Shirtcliff had ruled last week that the governor’s executive orders in response to the global pandemic exceeded a 28-day limit adopted by state lawmakers and were no longer valid in response to a suit filed by 10 churches, the non-profit Pacific Justice Institute and 21 others against the governor. Shirtcliff is the only judge seated in Baker County, where the suit was filed.
On Saturday, the high court justices ordered the trial judge to either dismiss the injunction or explain why he shouldn’t.
The state Supreme Court’s direction Saturday showed it had found the governor made a serious challenge to the injunction. If the state’s high court thought the governor’s petition was frivolous, it would have thrown out the petition, said Steve Kanter, a retired law professor and dean emeritus at Lewis & Clark Law School.
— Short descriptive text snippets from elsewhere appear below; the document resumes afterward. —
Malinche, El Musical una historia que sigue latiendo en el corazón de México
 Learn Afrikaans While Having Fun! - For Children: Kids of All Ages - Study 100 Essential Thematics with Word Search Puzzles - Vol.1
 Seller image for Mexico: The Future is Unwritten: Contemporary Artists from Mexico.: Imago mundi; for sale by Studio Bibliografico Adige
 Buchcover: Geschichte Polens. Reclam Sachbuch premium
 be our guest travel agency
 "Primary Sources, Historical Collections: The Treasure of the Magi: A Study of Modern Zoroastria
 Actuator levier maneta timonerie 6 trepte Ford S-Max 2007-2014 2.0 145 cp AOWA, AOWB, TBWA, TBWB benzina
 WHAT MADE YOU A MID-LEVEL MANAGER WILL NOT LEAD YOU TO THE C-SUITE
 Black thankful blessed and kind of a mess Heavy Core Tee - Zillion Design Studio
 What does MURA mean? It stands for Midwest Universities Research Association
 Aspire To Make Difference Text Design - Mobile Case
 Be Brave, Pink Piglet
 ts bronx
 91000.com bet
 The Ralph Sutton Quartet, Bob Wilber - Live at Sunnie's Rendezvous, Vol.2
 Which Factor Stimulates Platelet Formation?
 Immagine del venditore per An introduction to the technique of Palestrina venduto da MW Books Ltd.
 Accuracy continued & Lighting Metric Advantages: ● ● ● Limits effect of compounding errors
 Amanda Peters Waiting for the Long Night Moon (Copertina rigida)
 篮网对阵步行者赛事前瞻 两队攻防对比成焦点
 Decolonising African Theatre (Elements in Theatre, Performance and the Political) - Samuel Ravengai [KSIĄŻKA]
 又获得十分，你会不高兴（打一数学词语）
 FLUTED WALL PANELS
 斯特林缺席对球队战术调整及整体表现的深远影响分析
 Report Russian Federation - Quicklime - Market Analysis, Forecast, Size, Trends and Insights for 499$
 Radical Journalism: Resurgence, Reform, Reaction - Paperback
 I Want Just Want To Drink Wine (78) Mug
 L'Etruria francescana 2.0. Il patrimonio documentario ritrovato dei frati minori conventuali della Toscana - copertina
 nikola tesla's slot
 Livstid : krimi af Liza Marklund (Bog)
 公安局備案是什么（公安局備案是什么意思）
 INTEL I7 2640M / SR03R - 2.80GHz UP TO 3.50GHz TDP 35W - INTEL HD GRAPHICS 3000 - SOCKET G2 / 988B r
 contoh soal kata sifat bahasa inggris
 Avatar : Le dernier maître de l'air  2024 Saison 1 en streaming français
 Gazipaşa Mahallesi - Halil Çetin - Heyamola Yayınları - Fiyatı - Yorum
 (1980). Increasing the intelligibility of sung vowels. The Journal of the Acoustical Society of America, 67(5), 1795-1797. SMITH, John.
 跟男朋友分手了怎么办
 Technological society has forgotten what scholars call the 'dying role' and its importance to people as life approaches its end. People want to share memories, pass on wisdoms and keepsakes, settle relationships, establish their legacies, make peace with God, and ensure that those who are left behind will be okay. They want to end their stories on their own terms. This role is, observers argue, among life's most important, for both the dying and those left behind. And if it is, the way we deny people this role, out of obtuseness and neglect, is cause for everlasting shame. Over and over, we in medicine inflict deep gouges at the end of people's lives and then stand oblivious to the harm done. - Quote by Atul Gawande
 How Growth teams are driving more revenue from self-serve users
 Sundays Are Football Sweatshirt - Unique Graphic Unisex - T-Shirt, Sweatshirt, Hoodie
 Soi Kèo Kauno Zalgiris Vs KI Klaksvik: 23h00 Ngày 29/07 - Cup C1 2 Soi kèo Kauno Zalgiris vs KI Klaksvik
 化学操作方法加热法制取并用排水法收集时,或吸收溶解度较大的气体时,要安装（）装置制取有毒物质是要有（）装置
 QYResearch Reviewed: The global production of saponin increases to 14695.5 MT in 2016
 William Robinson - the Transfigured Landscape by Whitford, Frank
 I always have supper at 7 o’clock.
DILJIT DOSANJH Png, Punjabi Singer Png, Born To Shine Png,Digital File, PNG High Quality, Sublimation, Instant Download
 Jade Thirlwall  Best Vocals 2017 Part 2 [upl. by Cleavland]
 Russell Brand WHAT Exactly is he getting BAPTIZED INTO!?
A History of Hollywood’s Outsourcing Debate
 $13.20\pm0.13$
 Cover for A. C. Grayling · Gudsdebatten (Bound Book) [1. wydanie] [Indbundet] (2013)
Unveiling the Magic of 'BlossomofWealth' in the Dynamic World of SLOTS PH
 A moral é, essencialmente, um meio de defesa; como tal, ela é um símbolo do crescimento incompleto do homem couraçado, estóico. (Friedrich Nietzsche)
Legal observers said they didn’t expect Shirtcliff to back down from his ruling made eight days earlier. Now, the state Supreme Court will decide the merits of the case.
The churches had successfully argued in Baker County that ORS 433.441 limits declared public health emergencies to 14 days, or up to 28 days maximum, and because COVID-19 is a public health crisis, that limitation applied. They also had argued that the governor’s social gathering restrictions had violated their constitutional right to the freedom of religion and assembly.